Exercise -
From the records below, work out how many lines contain "Home". Reply with that number alone.
-- Opening Marker --
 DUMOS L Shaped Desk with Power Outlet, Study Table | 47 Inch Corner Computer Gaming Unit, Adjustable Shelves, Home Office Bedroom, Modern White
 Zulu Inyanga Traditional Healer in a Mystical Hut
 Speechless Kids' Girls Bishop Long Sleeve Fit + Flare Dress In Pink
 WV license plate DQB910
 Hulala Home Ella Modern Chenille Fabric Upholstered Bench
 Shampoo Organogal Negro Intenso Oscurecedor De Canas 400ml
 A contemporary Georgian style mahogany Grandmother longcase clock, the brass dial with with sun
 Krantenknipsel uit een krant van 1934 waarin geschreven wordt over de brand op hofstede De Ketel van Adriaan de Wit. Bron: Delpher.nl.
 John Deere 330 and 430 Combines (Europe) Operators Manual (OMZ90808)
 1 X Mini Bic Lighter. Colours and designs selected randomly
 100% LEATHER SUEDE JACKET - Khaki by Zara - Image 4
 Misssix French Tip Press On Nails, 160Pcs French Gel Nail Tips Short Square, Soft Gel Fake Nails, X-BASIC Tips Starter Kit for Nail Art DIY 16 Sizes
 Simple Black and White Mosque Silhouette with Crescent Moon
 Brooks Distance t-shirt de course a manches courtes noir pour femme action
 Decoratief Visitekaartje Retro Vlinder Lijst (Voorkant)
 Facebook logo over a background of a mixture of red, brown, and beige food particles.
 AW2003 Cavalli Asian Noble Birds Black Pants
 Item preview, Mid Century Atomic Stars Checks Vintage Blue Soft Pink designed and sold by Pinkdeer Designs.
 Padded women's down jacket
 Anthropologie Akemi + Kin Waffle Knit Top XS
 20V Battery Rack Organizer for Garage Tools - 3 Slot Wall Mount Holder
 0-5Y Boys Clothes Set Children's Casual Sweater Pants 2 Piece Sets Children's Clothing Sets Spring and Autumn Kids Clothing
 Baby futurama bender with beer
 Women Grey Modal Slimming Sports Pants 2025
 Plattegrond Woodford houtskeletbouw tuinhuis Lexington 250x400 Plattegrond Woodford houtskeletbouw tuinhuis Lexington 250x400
-- Closing Marker --
Response to this exercise -
2